Yıllardır zehir akıyor, yıllardır bu kentin en büyük kanayan yarası. Temizlenecek dediler, söz verdiler, açıklama yaptılar… Hepsi hikâye! Kimse bu pisliği temizlemeye ne niyetli, ne de yeterli. Bu şehre giren bir yabancı, daha ilk adımını attığında neyle karşılaşıyor? Şehir tabelasının yanında mis gibi(!) pis koku. Bu mu Kahramanmaraş’ın reklamı? Bu mu misafirperverliğimiz? Şehre b..k kokusuyla girmekten daha utanç verici bir tablo olabilir mi?
***
Kahramanmaraş’ta işler böyle yürüyor.
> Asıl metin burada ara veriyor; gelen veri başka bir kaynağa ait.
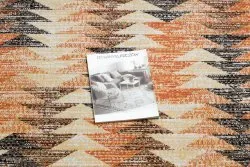 Modern Teppich MUNDO D5781 Dreiecke 3D Outdoor orange / beige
Kaçak yapılar, sahipsiz çaylar, göz yumulan fabrikalar, devlet arazisine villa diken muhtarlar… Ve yetkililerin derin sessizliği.
Biz yazıyoruz, söylüyoruz ama kimsenin umurunda değil. Çünkü bu şehirde sorunları çözmek yerine, üzerini örtmek daha kolay. Ama unutulmasın; örtülen her gerçek, yarın daha büyük bir skandal olarak patlar.